What inspired you to start writing?
I’ve been writing for as long as I can remember. It was never really a conscious choice. It’s just part of who I am.
What did you like to read when you were a girl?
I’ve always had varied reading tastes. When I was younger I loved Judy Blume books, the Sweet Valley High series, Goosebumps, and those choose your own adventure books. I collected the series of Garfield classics too. The book that had the biggest impact on me though was Anne Frank’s The Diary of a Young Girl.
What is the greatest challenge in writing a book?

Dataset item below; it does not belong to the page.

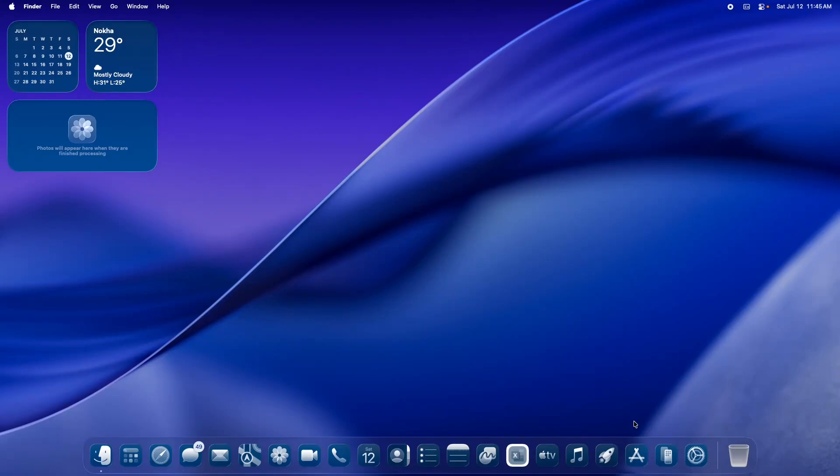Hello everyone, hope you all are doing great. Welcome to this YouTube channel. In this video we are going to discuss the post-installation performance matrix of macOS 26 Tahoe Beta.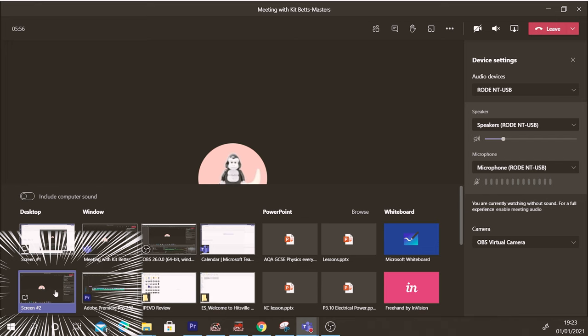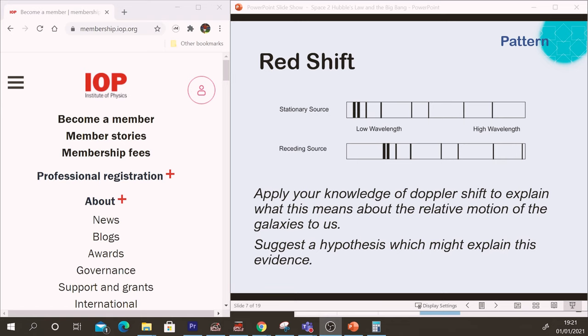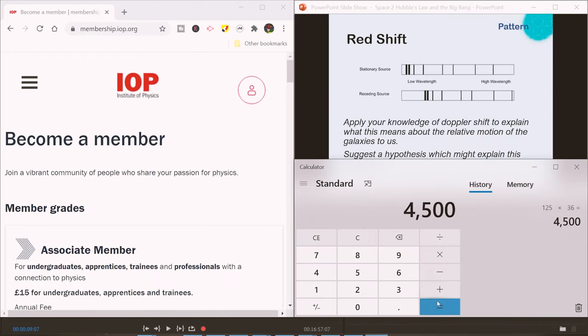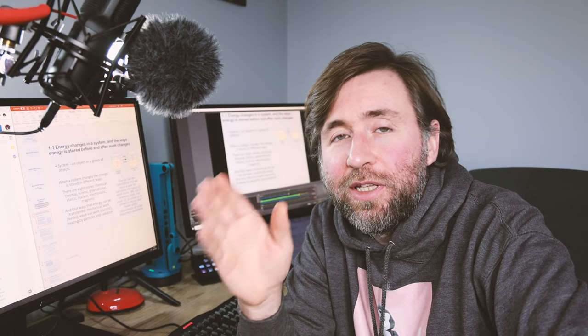You almost certainly have a second screen at home you can use alongside your school laptop. Try plugging your TV straight into the HDMI out of your laptop, or use any monitor as a secondary display. The beauty of this is you can tell Teams or Zoom to share just that second screen, so you know students are only looking at that. Your email, notes, and PowerPoint presenter view can stay on your main screen while you prepare things to drag across.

Finding the time to write. I have two young children that keep me busy, and work for clients. Then there’s the marketing of my books. In amongst all that it’s not always easy to find the time to just sit down and write.
How much research do you do before writing the book?
Google is a writers best friend. You can find so much information just at the click of a button. I also like Pinterest for things like location, clothing, and character inspiration.
The amount of research I do depends on the book I’m writing. For example, for the KOSMOS series, I did quite a lot of research as the main character, Matthew Smith, travels through time. I needed to get my facts straight about what really happened in each time period, who people dressed back then, etc…
What motivated you to write the book “Gunpowder”?
I wrote the KOSMOS series for my nine year old son. It’s a bite-sized adventure through time. The idea for Gunpowder came about after a conversation with my son about Guy Fawkes and why we celebrate with fireworks in the UK on 5th November.
Can you tell us more about your latest book “Gunpowder”?
KOSMOS is a serial fiction of 12 episodes. A new episode of this time travel adventure will be published on the 1st of each month. In Gunpowder (episode two in the series), the protagonist Matt finds himself in London. The year is 1605. As he struggles to understand how he got there, he gets caught up in a plot to assassinate King James. Can he find a way to stop the conspirators? Can he find a way back home?
How did you came up with the idea of writing fiction genre book?
I’d recently read a serial fiction and loved the idea. Bite-sized installments are great for readers that don’t have much free time to dedicate to reading, and perfect for children in the pre-teen/teen age group. I decided to make KOSMOS a serial fiction of short stories so that it fitted well with my son’s attention span. He gets put off by longer books, but by breaking it down into smaller episodes he enjoys the story. He also gets excited about the next episode because he can’t wait to find out what happens next.
Who are your favourite authors?
Far too many to mention them all. I’m an avid reader and have varied tastes. off the top of my head I’d say; Ethan Cross, Neil Gaiman, Sophie Kinsella, Susan Hatler, J.K. Rowling, and Dean Koontz.
How much time do you dedicate for writing on a daily basis?
It varies depending on my work load for clients, and family obligations. I usually manage to fit in an hour or two every morning though.
What words of wisdom would you like to give to aspiring writers?
Don’t be an “aspiring” writer. Be a writer. The only way to learn is to do, so set goals, get that idea written, and never give up.